Early Life and Career

William Homer Leavitt was born in Scituate, Massachusetts, to Aaron Littlefield Leavitt and his wife Sarah (Clark) Leavitt. The family subsequently removed in 1880 to Newport, Rhode Island, where William Homer Leavitt, having studied art in Paris, returned and set himself up as a society portrait painter. He was much in demand, and among the many well-known figures he painted was United States General Joseph Wheeler, who after the portrait session lent Leavitt his black horse, Alabama. The horse bucked and threw Leavitt onto Newport's Bellevue Avenue. Initially Leavitt was not expected to recover, although he did later make a full recovery.

Two years later Leavitt's career had taken off, causing The New York Times to note that "artist Leavitt has won distinction in his work and has a host of friends in intellectual circles." That same year, 1903, Leavitt went west to Lincoln, Nebraska, to paint the portrait of attorney and Presidential candidate William Jennings Bryan. The portrait sessions were repeatedly interrupted by demands on Bryan, and the 32-year-old artist and the politician's 18-year-old daughter Ruth Bryan struck up a friendship. On September 17, 1903, the couple announced their plans to marry the next month, meaning the politician's daughter would leave her freshly started career at the University of Nebraska. In announcing the marriage, The New York Times noted that "Preparations Under Way to Make It an Elaborate Society Event."

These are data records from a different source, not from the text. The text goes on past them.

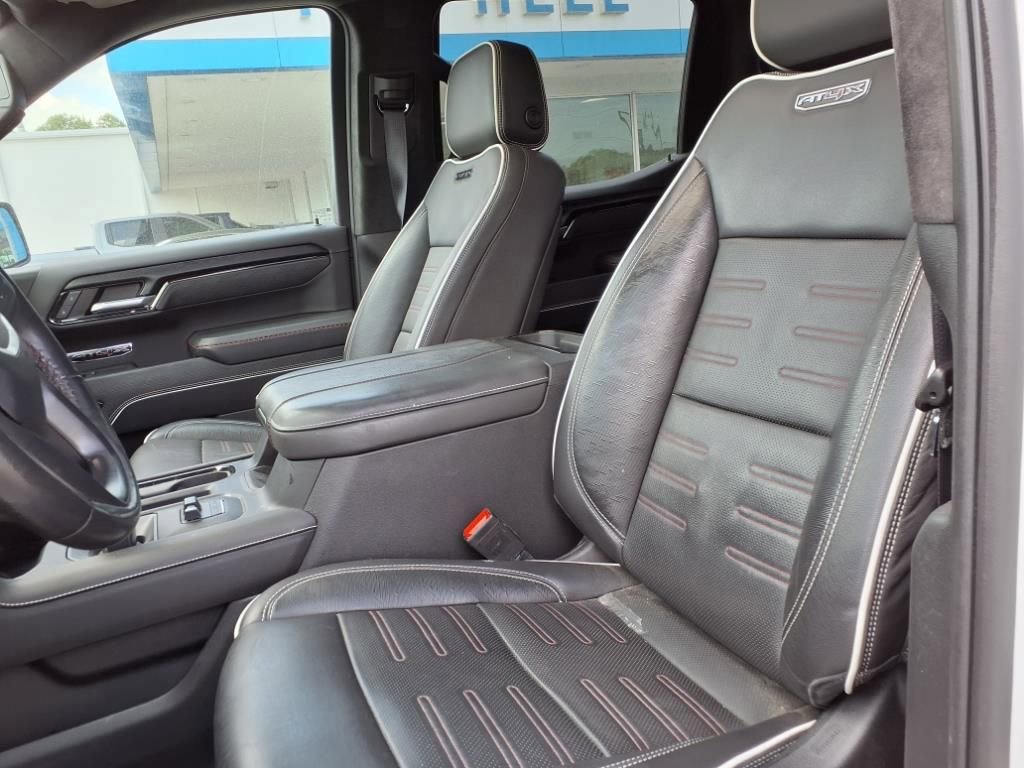 Used 2023 GMC Sierra 1500 AT4X image 17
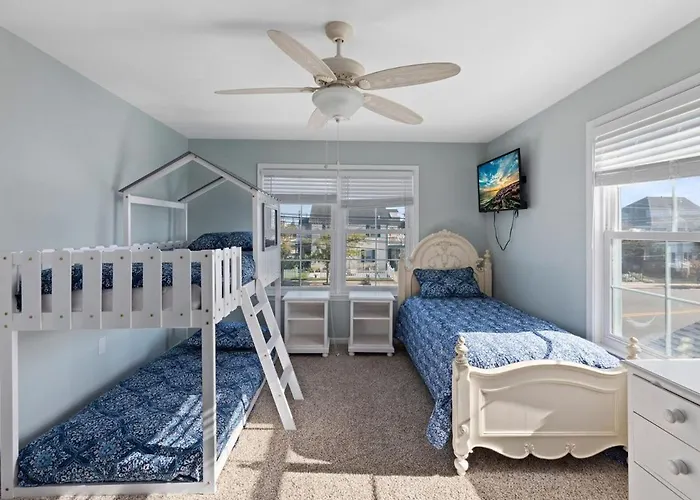 5 Bedroom New House In The Crest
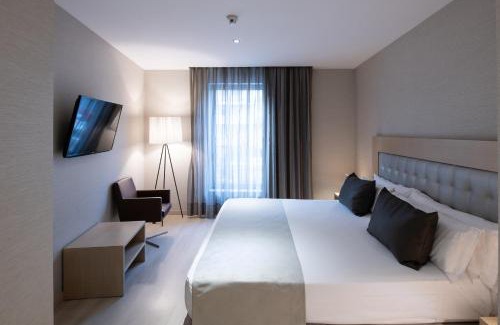 El Camp de l'Arpa del Clot Hotel | Catalonia Sagrada Familia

But the big society wedding never transpired. Senator Bryan opposed the match, because of the difference in ages of the couple, as well as the fact that his daughter Ruth had just begun college. The couple married, in a small civil ceremony – described by the newspapers as 'informal' – attended by Bryan's parents, the members of Miss Bryan's college sorority and the widow of the college president and minister who had married William Jennings Bryan and his wife. William Leavitt's mother traveled to Nebraska from Rhode Island for the wedding, which was held in the Bryan home at Lincoln. "In accordance with Miss Bryan's wishes and those of her parents," noted The Oswego Daily Times, "the wedding appointments will be void of any attempt at elaboration."